Forschungseinrichtung

Höhere Bundeslehr- und Forschungsanstalt für Landwirtschaft Raumberg-Gumpenstein

Projektnummer

102084

Projektlaufzeit

-

Finanzierungspartner

Bundesministerium für Land- und Forstwirtschaft, Regionen und Wasserwirtschaft 

Allgemeine Projektinformationen

Abstract (deutsch)

Extensive Beweidung mit Kleinwiederkäuern ist im alpinen Raum von hoher ökologischer, gesellschaftlicher und ökonomischer Bedeutung. Kleinwiederkäuer leisten hier einen wichtigen Beitrag, vor allem auf Standorten, die für Rinder schwer zugänglich sind. Aktuelle Herausforderungen wie Klimawandel, Rückkehr der großen Beutegreifer, geringe Auftriebszahlen, Mangel an qualifiziertem Personal oder zunehmende Verbuschung wirken sich negativ auf die Almfutterflächen, ihre Schutzkapazität vor Naturgefahren und ihre Biodiversität aus. Gelenkte Weideführung von Schaf- und Ziegenherden ermöglicht verbesserte Tierüberwachung, vereinfachten Zugriff auf das Tier bei Krankheit, Verletzungen oder notwendigen Trennung von der Herde, sowie Herdenschutz. Zudem wird durch gezielte Beweidung die Weidefläche optimal genutzt, Über- und Unterweidung können leichter verhindert werden. Hirt*innen spielen dabei eine zentrale Rolle.
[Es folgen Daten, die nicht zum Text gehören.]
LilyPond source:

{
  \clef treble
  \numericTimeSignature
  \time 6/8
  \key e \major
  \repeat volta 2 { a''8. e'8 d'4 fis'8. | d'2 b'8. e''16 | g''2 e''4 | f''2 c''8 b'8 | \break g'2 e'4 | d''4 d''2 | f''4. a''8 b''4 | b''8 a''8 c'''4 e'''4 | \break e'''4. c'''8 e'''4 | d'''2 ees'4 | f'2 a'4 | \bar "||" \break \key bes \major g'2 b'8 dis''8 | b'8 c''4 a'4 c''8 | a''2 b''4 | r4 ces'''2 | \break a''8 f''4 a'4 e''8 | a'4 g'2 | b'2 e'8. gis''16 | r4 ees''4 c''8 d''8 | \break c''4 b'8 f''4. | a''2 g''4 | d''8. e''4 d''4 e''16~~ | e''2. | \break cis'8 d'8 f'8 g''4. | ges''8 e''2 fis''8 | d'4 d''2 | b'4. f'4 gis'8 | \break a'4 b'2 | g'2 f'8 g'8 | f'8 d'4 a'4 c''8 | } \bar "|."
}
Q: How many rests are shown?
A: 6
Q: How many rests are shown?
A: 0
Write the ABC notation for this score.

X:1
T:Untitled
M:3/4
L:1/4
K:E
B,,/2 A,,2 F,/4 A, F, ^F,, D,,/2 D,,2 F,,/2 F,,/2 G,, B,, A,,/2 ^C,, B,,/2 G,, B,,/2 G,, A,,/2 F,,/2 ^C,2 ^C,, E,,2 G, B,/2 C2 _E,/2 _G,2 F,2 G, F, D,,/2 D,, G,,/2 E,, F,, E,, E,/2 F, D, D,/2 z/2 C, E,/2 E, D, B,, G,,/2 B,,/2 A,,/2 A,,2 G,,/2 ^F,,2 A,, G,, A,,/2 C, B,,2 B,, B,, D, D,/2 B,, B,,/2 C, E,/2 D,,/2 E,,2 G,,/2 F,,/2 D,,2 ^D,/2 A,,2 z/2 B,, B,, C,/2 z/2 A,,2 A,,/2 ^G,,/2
Qualifiziertes Personal auf Schaf- und Ziegenalmen ist daher eine wichtige Grundlage, um diese Form der Bewirtschaftung umsetzen zu können. Um ein bestmögliches Management sicherzustellen und einem Personalmangel auf Almen mit gelenkter Weideführung entgegenzuwirken, ist es notwendig, Hirt*innen auszubilden und ein fundiertes Wissen über Behirtung von Schaf- und Ziegenherden zu vermitteln. Die Ausbildung kann auch dabei helfen, den Beruf attraktiver zu gestalten und Almpersonal längerfristig für den Beruf zu motivieren.

Schlagwörter (deutsch)

Almwirtschaft, Schafalpung, Behirtung, Hirt, extensive Beweidung, gelenkte Weideführung, Ausbildung

Titel, Abstract, Schlagwörter (englisch)

Titel (englisch)

Knowledge Transfer for qualified shepherds on alpine pastures with small ruminants and targeted grazing: Establishing of a modular training for shepherds in Austria

Abstract (englisch)

Extensive grazing with small ruminants is of high ecological, societal, and economic importance in alpine regions. Small ruminants make a significant contribution to cultural landscapes and biodiversity, especially in areas that are difficult for cattle to access. Current challenges such as climate change, the return of large predators, low livestock numbers, a shortage of qualified staff, or increasing shrub encroachment negatively impact alpine pastures, their capacity to protect against natural hazards and their biodiversity. Targeted grazing management of sheep and goat herds allows for improved animal monitoring, easier access to animals in cases of illness, injury or necessary separation from the herd, as well as herd protection. Additionally, targeted grazing optimizes the use of pastureland, making it easier to prevent overgrazing and undergrazing. Shepherds play a central role in this process. Therefore, having qualified staff on sheep and goat alpine pastures is crucial for implementing this form of management. To ensure the best possible management and to counteract staff shortage on alpine pastures with directed grazing management, it is necessary to train shepherds and transfer comprehensive knowledge about herding of sheep and goat herds. Training can also help to make the profession more attractive and motivate shepherds to remain in the profession long-term.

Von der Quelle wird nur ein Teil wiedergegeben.